-- Goal of the exercise --
Pictures excluded, reproduce exactly the lines below from the one with "Capac protectie distributie" through the one with "النترا • ٢٠٢٤ • كفاله", both included.

-- Records provided --
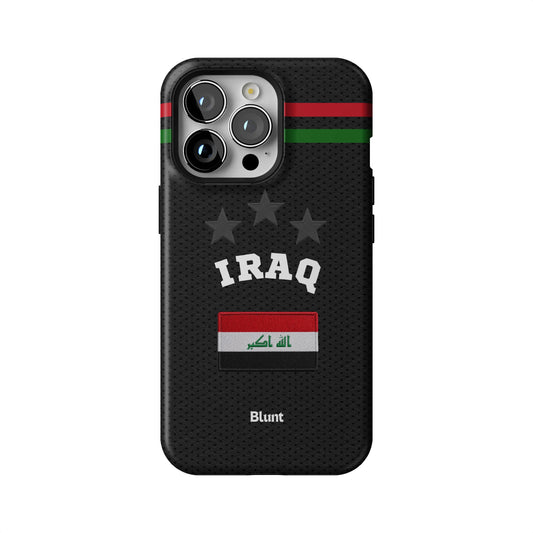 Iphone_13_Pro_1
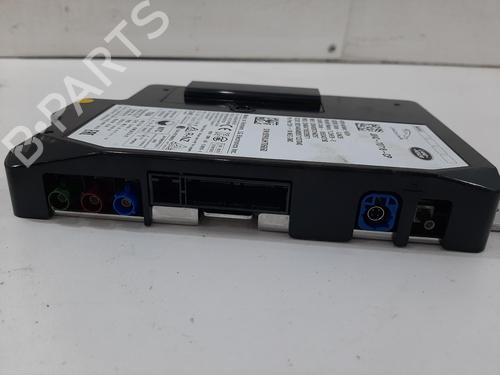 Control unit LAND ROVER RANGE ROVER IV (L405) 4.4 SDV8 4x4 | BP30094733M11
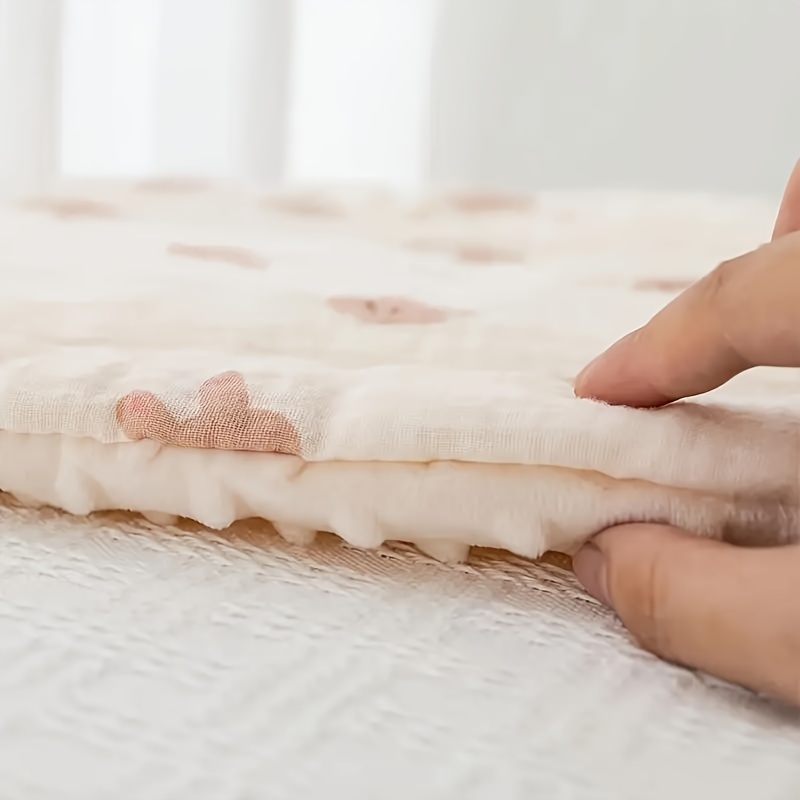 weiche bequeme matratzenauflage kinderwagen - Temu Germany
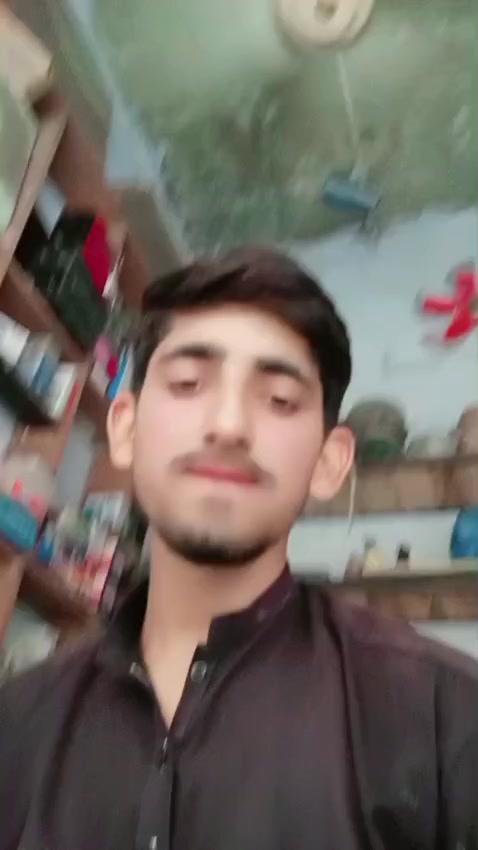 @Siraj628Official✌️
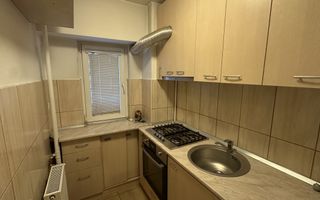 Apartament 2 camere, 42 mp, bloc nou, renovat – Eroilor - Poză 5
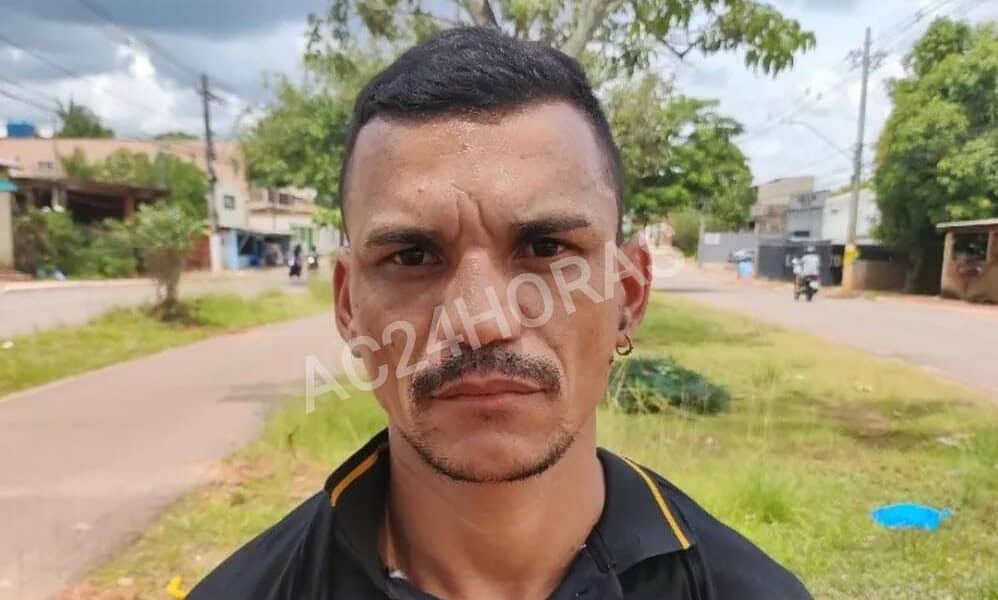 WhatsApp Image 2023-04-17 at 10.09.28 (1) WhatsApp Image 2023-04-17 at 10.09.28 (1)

...

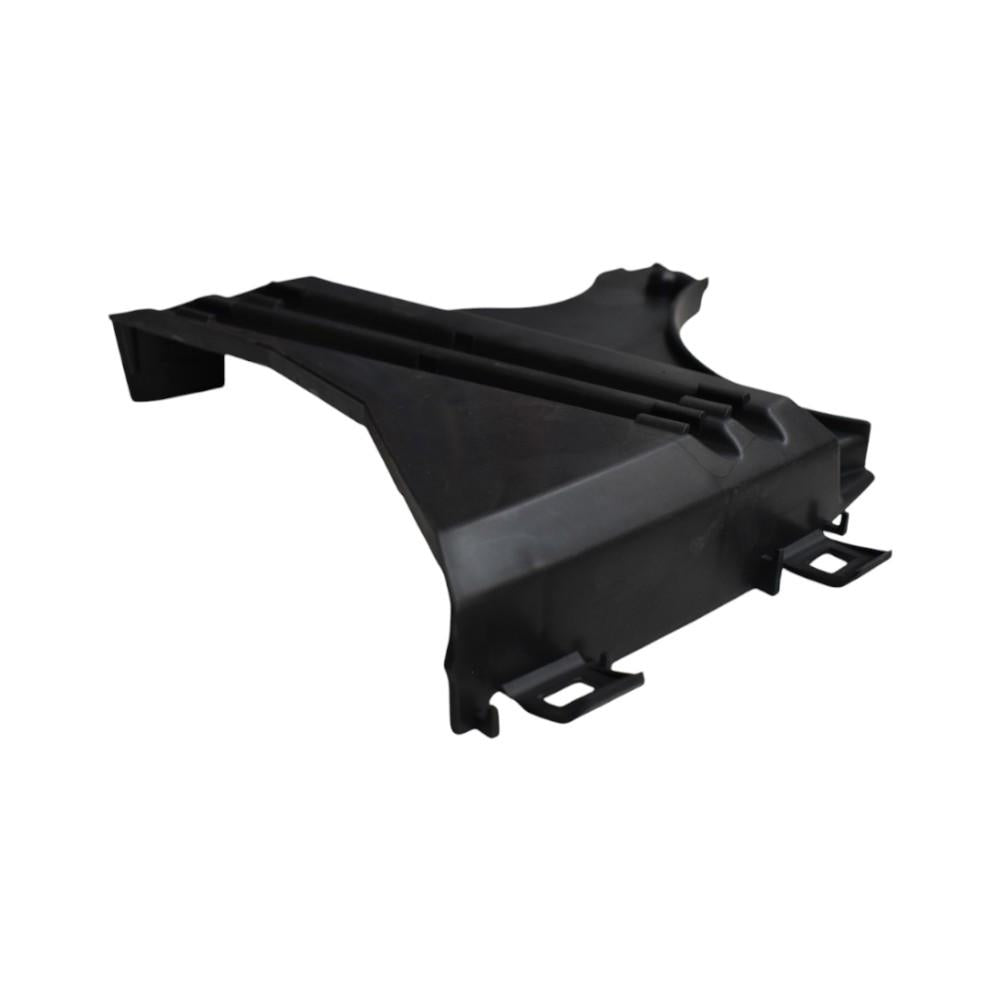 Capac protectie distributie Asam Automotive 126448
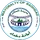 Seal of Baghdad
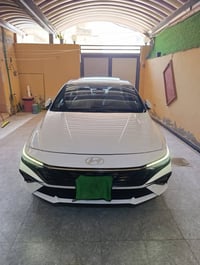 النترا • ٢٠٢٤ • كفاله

==

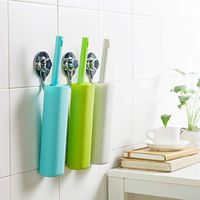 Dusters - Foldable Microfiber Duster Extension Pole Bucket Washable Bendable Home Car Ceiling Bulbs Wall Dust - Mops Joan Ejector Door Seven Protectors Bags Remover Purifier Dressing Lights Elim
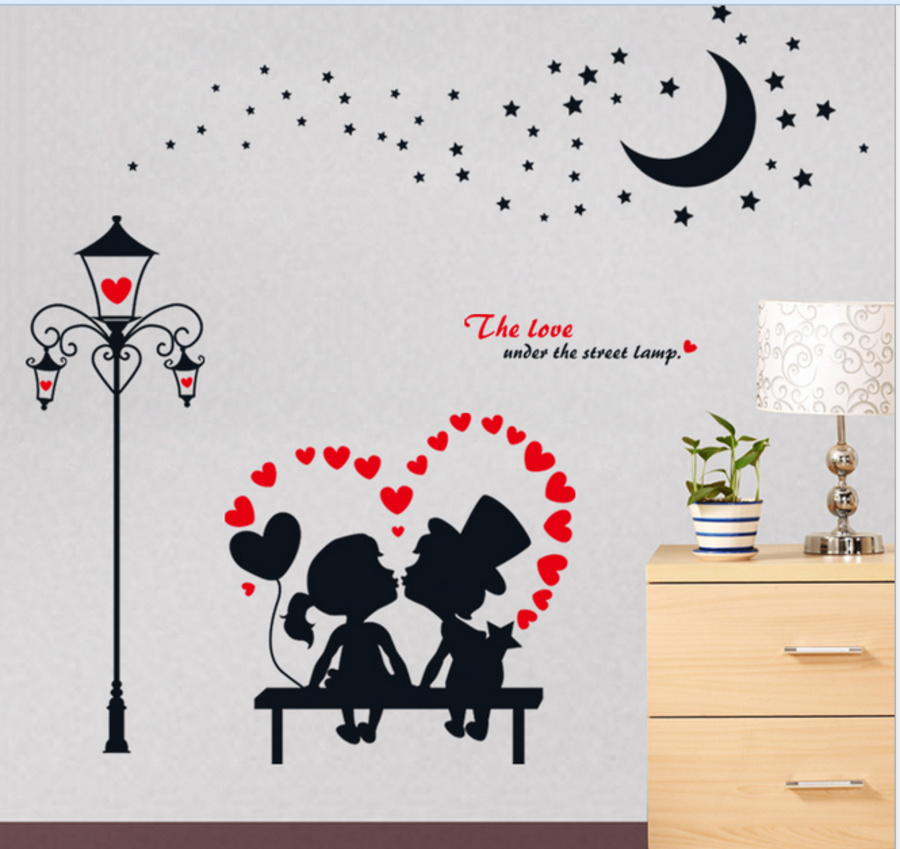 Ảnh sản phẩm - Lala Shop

-- Answer section --
 Capac protectie distributie Asam Automotive 126448
 Seal of Baghdad
 النترا • ٢٠٢٤ • كفاله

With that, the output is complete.